> _What is being asked_: Each line below should be reproduced without any alteration.

[Short text fragments from websites]
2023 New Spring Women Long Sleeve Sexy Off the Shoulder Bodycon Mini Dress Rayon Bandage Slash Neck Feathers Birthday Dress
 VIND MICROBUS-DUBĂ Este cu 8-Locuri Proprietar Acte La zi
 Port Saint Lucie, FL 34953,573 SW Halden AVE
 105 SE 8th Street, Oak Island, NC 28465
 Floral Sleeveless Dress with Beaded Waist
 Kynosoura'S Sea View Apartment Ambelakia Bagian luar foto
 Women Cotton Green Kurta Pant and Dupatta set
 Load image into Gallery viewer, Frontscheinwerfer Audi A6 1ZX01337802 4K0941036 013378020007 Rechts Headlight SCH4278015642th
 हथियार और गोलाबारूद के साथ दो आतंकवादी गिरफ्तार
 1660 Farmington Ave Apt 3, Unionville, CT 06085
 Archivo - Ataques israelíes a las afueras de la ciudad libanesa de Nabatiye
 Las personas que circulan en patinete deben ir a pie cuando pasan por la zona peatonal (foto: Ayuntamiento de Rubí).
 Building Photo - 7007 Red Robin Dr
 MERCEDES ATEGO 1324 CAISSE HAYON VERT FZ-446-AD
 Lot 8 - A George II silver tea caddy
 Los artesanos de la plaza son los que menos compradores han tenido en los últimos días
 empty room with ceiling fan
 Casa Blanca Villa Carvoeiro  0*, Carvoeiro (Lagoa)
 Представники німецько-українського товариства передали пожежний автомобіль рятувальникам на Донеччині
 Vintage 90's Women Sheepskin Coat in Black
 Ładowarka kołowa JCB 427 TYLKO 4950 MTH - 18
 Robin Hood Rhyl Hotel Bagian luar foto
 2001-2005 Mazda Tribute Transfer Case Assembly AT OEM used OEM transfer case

> _Response box_:
2023 New Spring Women Long Sleeve Sexy Off the Shoulder Bodycon Mini Dress Rayon Bandage Slash Neck Feathers Birthday Dress
 VIND MICROBUS-DUBĂ Este cu 8-Locuri Proprietar Acte La zi
 Port Saint Lucie, FL 34953,573 SW Halden AVE
 105 SE 8th Street, Oak Island, NC 28465
 Floral Sleeveless Dress with Beaded Waist
 Kynosoura'S Sea View Apartment Ambelakia Bagian luar foto
 Women Cotton Green Kurta Pant and Dupatta set
 Load image into Gallery viewer, Frontscheinwerfer Audi A6 1ZX01337802 4K0941036 013378020007 Rechts Headlight SCH4278015642th
 हथियार और गोलाबारूद के साथ दो आतंकवादी गिरफ्तार
 1660 Farmington Ave Apt 3, Unionville, CT 06085
 Archivo - Ataques israelíes a las afueras de la ciudad libanesa de Nabatiye
 Las personas que circulan en patinete deben ir a pie cuando pasan por la zona peatonal (foto: Ayuntamiento de Rubí).
 Building Photo - 7007 Red Robin Dr
 MERCEDES ATEGO 1324 CAISSE HAYON VERT FZ-446-AD
 Lot 8 - A George II silver tea caddy
 Los artesanos de la plaza son los que menos compradores han tenido en los últimos días
 empty room with ceiling fan
 Casa Blanca Villa Carvoeiro  0*, Carvoeiro (Lagoa)
 Представники німецько-українського товариства передали пожежний автомобіль рятувальникам на Донеччині
 Vintage 90's Women Sheepskin Coat in Black
 Ładowarka kołowa JCB 427 TYLKO 4950 MTH - 18
 Robin Hood Rhyl Hotel Bagian luar foto
 2001-2005 Mazda Tribute Transfer Case Assembly AT OEM used OEM transfer case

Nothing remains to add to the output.